### ABOUT THIS TASK
Lines before the one containing "Retro style giclée" are not wanted; restate the rest below word for word, through the last line, but drop any pictures.

### INFORMATION SUPPLIED
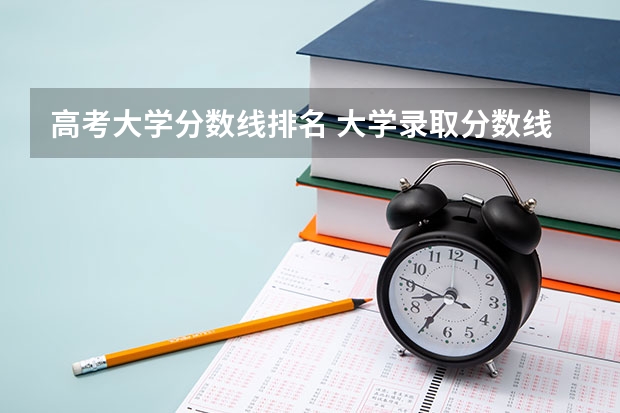 高考大学分数线排名 大学录取分数线及排名
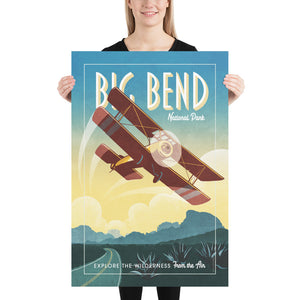 Retro style giclée art print of Sopwith Pup Biplane flying over Big Bend National Park in Texas. It has the words “Big Bend National Park” at the top. The print dusty blues, teals combined with bright sunset colors. There are additional words a the bottom that says “Explore the Wilderness from the Air”. Print size: 24" x 36"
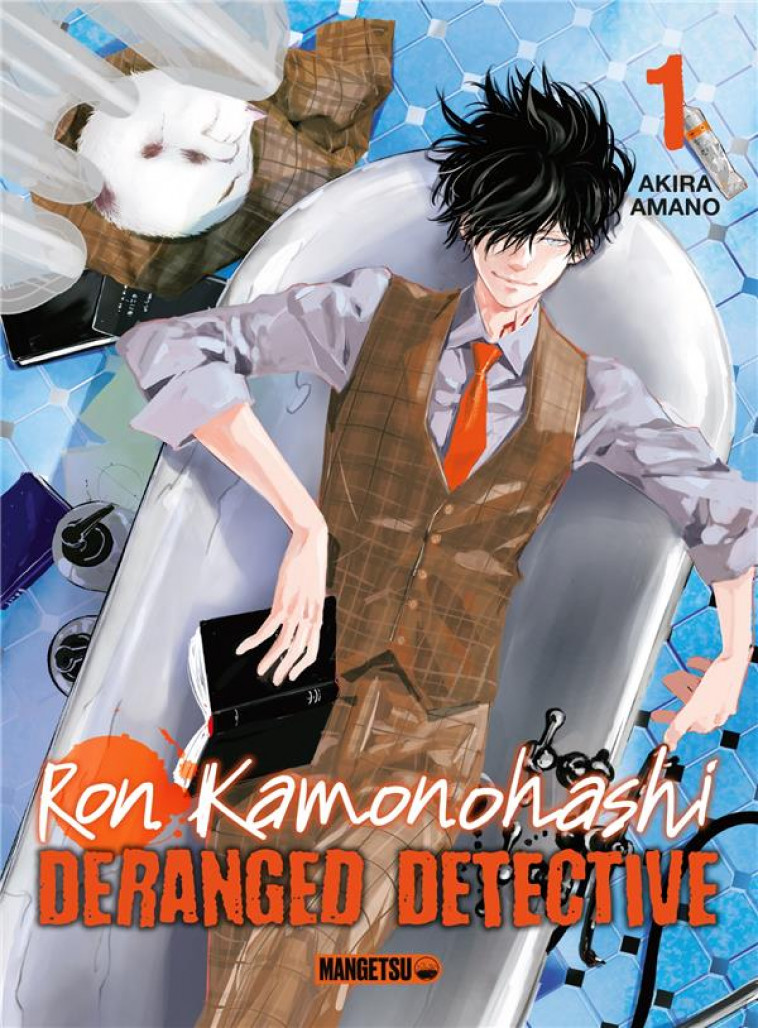 RON KAMONOHASHI: DERANGED DETECTIVE T01 - AMANO AKIRA - MANGETSU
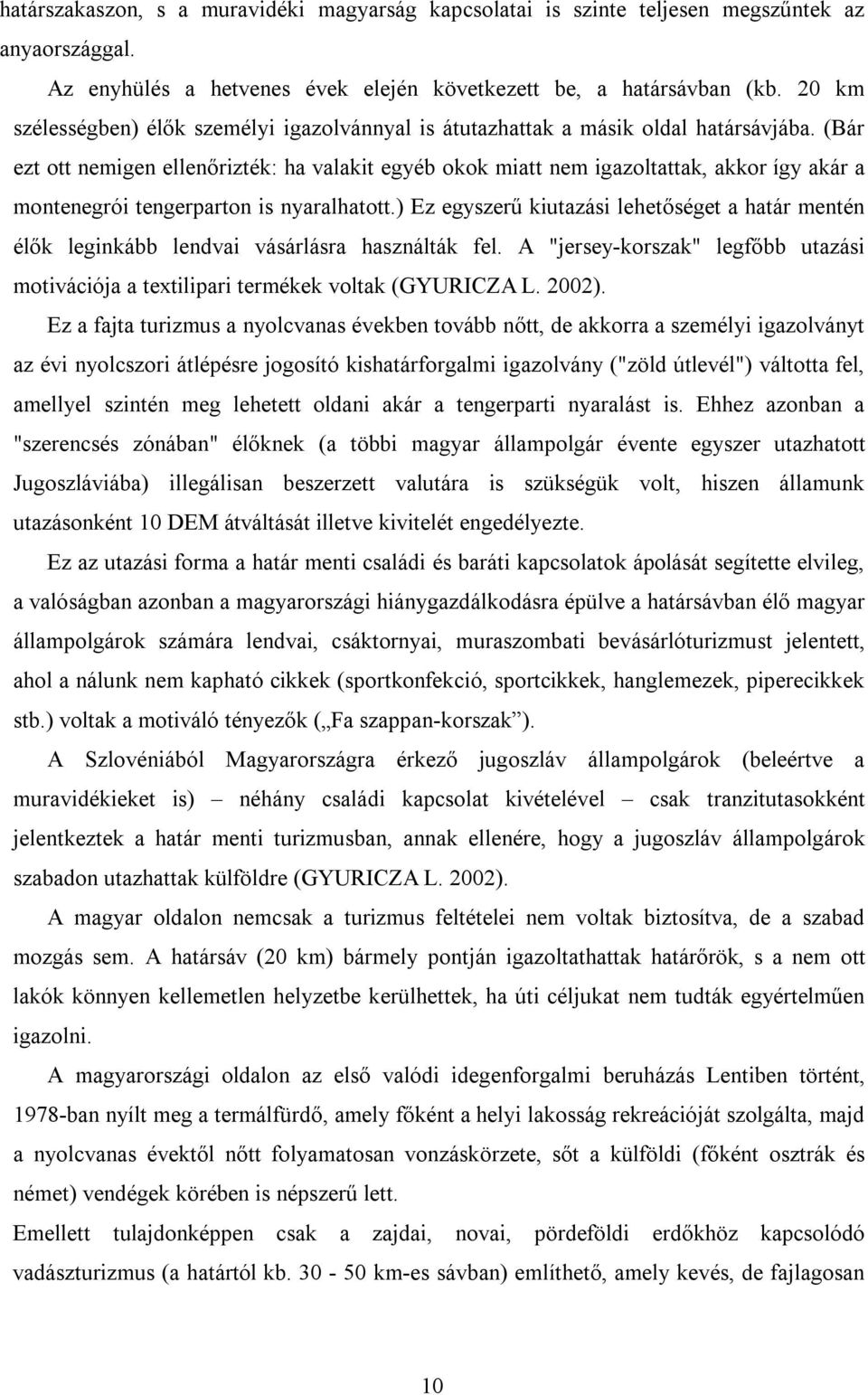 (Bár ezt ott nemigen ellenőrizték: ha valakit egyéb okok miatt nem igazoltattak, akkor így akár a montenegrói tengerparton is nyaralhatott.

### TASK SOLUTION
 Retro style giclée art print of Sopwith Pup Biplane flying over Big Bend National Park in Texas. It has the words “Big Bend National Park” at the top. The print dusty blues, teals combined with bright sunset colors. There are additional words a the bottom that says “Explore the Wilderness from the Air”. Print size: 24" x 36"
 RON KAMONOHASHI: DERANGED DETECTIVE T01 - AMANO AKIRA - MANGETSU
 (Bár ezt ott nemigen ellenőrizték: ha valakit egyéb okok miatt nem igazoltattak, akkor így akár a montenegrói tengerparton is nyaralhatott.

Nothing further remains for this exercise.